Q-12 directs -they'd have high incomes compared to the average, but likely similar expenses to the silver directs.
All things being equal you would expect this group to skew towards the new and "cookware qualifiers". Furthermore, Wisconsin reported there were 192 Direct Distributors in that state - yet their income statistics we're based on 139 Direct Distributors. What happened to the other 53? It's my suspicion (Bruce Craig didn't know the answer to this either) that - just like today - the people treating the business seriously, and developing serious incomes, aren't declaring their Amway incomes on personal taxes - they're operating them as incorporated businesses (LLCs etc).
So you've got a skewed dataset where the actual high income earners have been excluded, leaving you with the "cookware qualifiers" and the new qualifiers - the latter of which
virtually by definition as "startups" are going to have higher expenses relative to their incomes.
Think about it -
every business person goes out of their way to try and keep their
taxable income as low as legitimately possible. One of my companies has made a loss for each of the past 3 years - not deliberately, we're in development stage. Has it failed? No, it's generating money, and it's also supplying me with a very nice car, business telephones, high speed internet to my home office, business dinners etc. If I had a less nice car, less nice phones, and slower internet the business would probably not be making a loss. It's not an issue, we're on track for profitability with that venture next year.

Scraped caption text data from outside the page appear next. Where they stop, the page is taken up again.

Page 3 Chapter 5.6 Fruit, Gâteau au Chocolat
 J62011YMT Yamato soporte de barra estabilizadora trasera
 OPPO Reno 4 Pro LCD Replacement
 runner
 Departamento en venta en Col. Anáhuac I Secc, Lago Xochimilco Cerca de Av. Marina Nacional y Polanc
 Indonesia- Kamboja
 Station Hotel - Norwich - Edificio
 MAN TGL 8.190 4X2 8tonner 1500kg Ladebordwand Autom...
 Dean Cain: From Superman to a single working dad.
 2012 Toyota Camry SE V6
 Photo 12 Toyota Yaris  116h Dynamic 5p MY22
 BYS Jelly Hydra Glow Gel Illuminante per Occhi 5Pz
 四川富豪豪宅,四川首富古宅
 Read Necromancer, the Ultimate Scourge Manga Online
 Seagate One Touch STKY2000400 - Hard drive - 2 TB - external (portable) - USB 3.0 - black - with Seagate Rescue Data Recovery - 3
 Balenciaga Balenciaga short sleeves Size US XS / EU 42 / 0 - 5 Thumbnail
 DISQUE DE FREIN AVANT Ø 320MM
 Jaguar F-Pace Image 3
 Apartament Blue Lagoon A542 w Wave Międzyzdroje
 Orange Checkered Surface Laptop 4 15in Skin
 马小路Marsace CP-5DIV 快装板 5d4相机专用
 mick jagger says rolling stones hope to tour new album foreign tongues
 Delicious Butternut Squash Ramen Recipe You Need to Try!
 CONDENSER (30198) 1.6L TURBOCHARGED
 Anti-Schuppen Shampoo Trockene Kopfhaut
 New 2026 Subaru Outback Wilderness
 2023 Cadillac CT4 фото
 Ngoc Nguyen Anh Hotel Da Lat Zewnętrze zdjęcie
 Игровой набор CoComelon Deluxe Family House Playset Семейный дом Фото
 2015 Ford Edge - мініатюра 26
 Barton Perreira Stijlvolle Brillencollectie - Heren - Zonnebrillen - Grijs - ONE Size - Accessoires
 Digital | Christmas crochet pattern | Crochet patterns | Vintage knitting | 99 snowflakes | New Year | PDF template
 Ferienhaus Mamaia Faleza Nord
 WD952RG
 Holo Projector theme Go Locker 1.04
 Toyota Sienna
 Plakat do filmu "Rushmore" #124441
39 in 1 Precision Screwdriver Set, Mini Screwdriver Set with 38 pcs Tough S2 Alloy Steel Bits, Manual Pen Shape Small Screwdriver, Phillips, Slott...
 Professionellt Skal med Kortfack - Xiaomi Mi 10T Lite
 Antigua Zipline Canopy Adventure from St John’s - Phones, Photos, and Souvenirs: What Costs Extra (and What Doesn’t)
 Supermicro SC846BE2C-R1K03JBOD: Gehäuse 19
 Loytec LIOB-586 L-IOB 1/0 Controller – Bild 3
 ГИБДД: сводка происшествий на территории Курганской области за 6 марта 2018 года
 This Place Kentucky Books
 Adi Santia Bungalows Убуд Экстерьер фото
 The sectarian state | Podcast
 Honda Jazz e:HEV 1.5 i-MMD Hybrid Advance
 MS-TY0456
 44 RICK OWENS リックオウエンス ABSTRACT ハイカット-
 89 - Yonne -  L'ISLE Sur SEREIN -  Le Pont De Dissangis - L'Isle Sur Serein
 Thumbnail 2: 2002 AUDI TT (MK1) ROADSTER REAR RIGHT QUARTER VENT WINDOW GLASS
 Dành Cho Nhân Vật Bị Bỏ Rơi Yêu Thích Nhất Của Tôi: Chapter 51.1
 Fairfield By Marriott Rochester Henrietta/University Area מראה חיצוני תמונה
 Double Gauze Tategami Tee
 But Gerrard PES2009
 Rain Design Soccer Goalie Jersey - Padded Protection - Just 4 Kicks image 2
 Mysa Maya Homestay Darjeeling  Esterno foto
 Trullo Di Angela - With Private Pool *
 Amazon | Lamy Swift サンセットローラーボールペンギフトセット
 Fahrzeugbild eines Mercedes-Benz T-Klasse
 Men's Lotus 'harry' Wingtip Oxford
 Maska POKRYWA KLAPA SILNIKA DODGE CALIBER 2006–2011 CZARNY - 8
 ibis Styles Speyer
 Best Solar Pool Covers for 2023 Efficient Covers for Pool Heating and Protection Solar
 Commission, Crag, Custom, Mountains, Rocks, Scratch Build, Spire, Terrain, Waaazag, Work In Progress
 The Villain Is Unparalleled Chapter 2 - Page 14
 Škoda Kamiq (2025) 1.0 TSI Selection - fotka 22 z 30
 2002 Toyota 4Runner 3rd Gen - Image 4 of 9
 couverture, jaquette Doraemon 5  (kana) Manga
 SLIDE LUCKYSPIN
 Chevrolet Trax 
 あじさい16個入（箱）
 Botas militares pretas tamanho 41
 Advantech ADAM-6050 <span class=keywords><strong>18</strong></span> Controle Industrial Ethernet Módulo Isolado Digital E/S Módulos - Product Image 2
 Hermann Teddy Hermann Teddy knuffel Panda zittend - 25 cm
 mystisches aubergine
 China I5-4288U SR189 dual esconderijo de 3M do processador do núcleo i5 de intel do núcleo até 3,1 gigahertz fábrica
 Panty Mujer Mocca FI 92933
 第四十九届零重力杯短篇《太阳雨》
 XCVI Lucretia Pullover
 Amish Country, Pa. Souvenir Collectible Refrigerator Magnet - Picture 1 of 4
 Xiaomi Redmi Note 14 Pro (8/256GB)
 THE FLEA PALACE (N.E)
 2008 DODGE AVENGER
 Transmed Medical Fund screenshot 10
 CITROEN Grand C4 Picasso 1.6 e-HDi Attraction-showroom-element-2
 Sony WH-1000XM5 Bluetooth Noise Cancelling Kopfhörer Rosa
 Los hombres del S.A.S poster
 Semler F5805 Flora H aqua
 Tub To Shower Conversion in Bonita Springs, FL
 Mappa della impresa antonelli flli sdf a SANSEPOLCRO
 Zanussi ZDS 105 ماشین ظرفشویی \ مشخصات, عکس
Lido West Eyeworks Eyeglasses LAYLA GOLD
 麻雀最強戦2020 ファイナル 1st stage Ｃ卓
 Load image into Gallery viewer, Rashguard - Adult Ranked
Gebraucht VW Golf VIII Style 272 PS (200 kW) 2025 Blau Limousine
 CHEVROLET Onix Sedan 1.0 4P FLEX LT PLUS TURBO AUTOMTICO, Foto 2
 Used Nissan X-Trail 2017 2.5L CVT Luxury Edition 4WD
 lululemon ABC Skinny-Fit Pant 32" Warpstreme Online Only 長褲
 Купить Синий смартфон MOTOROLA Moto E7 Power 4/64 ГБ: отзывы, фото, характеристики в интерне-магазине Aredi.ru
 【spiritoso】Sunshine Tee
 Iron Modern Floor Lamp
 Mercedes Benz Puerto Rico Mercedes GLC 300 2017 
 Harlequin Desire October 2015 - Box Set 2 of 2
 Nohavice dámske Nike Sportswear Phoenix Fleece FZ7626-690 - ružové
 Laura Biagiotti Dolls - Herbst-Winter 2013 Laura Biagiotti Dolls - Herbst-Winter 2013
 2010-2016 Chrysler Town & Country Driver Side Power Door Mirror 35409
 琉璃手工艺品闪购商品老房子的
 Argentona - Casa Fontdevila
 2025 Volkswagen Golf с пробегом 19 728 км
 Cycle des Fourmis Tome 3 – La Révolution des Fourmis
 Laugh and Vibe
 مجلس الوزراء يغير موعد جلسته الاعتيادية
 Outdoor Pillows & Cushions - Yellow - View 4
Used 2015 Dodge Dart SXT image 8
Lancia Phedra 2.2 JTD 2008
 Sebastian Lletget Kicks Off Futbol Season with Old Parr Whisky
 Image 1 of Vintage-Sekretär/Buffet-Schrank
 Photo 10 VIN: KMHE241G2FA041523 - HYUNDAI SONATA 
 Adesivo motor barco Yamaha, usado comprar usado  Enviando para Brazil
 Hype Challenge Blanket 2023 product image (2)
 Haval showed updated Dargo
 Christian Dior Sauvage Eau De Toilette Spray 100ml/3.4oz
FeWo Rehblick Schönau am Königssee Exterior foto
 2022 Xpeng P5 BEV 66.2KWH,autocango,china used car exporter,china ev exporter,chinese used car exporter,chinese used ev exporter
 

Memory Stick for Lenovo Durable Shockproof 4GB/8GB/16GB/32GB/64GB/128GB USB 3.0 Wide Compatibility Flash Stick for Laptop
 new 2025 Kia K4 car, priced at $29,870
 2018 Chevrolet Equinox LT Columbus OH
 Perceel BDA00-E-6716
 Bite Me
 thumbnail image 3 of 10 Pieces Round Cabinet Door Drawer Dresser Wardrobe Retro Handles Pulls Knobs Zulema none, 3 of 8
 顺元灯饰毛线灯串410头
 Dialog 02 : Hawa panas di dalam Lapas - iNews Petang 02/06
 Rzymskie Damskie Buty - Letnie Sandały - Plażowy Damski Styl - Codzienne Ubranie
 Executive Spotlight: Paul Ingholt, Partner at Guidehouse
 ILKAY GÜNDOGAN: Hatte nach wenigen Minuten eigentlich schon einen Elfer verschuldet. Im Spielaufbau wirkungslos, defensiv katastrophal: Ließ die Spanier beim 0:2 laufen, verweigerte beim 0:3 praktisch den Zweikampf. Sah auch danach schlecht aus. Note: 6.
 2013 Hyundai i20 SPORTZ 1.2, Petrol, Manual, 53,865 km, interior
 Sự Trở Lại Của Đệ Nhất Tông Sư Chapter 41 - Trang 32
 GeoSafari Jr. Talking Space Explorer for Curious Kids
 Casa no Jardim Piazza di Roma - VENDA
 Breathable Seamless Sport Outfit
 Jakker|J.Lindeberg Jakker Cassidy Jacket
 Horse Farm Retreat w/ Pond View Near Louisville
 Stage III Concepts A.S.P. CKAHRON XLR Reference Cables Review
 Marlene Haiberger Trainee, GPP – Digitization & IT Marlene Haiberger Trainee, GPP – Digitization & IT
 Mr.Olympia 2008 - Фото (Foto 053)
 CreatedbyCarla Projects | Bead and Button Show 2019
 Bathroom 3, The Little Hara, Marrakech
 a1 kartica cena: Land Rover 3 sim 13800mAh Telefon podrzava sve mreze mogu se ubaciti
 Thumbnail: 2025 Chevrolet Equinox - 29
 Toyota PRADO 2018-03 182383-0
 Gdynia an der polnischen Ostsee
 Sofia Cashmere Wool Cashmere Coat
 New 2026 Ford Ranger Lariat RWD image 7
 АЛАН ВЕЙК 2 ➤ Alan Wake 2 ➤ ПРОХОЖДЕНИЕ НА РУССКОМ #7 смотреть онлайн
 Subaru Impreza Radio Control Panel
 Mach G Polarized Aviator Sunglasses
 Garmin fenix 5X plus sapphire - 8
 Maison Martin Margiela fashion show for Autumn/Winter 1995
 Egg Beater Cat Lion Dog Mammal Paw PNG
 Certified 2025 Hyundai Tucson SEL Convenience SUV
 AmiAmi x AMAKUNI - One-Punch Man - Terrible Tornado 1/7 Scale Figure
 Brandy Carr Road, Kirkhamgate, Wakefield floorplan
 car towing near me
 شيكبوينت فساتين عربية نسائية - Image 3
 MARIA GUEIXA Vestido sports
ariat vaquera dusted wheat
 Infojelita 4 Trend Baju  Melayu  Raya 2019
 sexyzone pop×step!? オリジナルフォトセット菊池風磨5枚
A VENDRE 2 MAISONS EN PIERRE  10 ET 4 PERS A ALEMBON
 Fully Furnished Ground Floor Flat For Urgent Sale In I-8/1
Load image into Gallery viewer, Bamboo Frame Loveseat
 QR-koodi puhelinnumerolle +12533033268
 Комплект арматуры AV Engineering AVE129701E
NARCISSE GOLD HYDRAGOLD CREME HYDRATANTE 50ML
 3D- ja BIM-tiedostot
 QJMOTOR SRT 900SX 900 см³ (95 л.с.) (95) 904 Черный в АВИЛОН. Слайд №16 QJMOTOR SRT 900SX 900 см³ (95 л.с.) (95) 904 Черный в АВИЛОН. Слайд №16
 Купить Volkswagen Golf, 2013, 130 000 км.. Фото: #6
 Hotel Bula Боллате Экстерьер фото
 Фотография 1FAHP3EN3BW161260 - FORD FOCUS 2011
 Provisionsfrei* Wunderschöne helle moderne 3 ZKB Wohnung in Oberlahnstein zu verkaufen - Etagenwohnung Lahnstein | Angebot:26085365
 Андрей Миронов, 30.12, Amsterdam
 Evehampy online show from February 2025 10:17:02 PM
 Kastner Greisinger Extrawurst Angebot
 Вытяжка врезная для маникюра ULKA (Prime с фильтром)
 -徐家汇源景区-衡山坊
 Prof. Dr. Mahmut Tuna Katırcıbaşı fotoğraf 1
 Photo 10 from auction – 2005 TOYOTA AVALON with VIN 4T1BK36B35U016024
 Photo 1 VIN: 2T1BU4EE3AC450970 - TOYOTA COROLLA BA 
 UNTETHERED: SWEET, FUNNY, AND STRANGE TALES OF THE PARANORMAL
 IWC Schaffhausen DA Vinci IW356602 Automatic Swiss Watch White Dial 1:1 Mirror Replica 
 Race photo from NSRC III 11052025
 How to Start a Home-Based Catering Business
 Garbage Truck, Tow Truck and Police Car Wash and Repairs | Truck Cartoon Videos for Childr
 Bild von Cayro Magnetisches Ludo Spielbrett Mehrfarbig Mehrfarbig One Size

On top of that, in 1982, the same year Wisconsin filed the case, the Wall Street Journal in reported -
"AMWAY DISTRIBUTORS' BIG TAX BREAKS STIR INVESTIGATIONS BY CONGRESS, IRS. This investigation was headed by Representative Pete Stark of California. Allegations were that distributors were using all sorts of innovative tax deductions as instructed by an ex-IRS agent. The IRS said the ex-agent was "out of line" and that the deductions claimed by distributors were "game playing.""
The investigation was dropped, but clearly at least some Amway distributors were taking advantage of some loophole or another.
So what can we learn from the Wisconsin case? Pretty much nothing. We have no idea of the quality of the data collected, and we know even the person who did the data collecting doesn't know! We also have no idea what expenses, tax breaks etc the distributors in question were using.
What
do we know? It was 35 years ago. Since then Amway has not only significantly increased their bonuses, they've also tightened up qualifications considerably - you now need to qualify at the top of the volume discount scale for 6 months to be the equivalent of "direct", and income disclosure statements and marketing all emphasis 12 months of qualification.
My guess? Some people are making money, some people are making losses. Just like any other business.